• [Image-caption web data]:
——

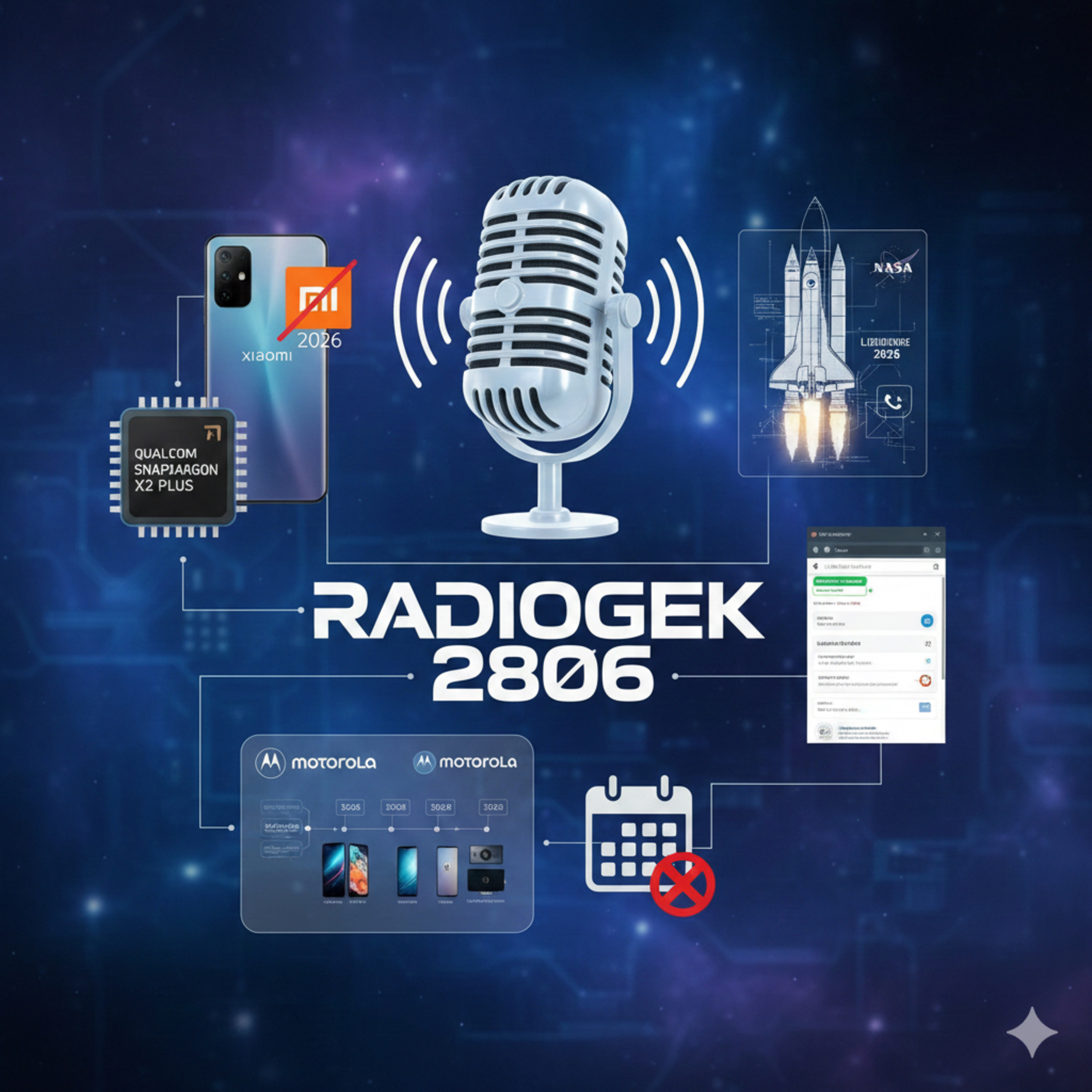 Radiogeek 2806 - Les cuento porque no pienso cubrir el CES 2026 episode artwork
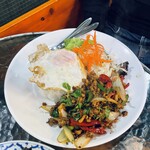 タイ屋台料理メーアン - ガパオ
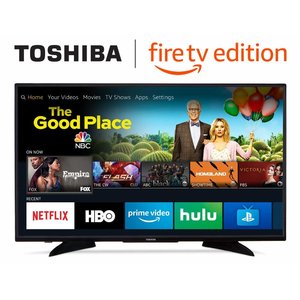 Toshiba 32LF221U19 32-inch 720p HD Smart LED TV - Fire TV Edition $129.99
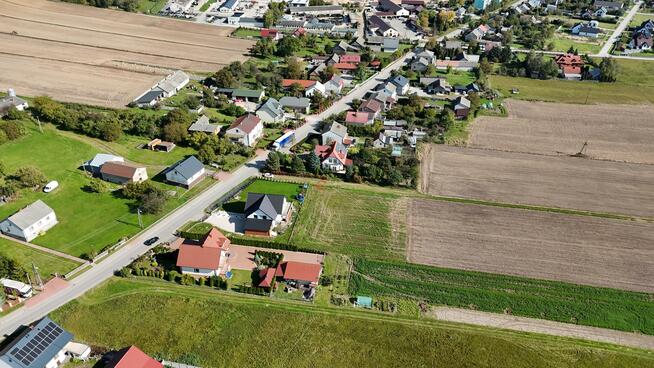 Działka budowlana Oblęgór gm. Strawczyn, Kielecka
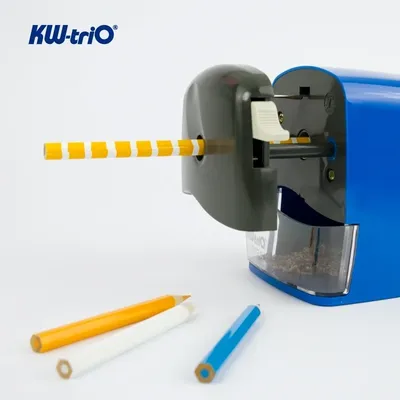 Точилка KW-triO 312A, механическая, 1 отверстие, 12 мм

——

Restate the records above word for word, without the pictures.

 Radiogeek 2806 - Les cuento porque no pienso cubrir el CES 2026 episode artwork
 タイ屋台料理メーアン - ガパオ
 Toshiba 32LF221U19 32-inch 720p HD Smart LED TV - Fire TV Edition $129.99
 Działka budowlana Oblęgór gm. Strawczyn, Kielecka
 Точилка KW-triO 312A, механическая, 1 отверстие, 12 мм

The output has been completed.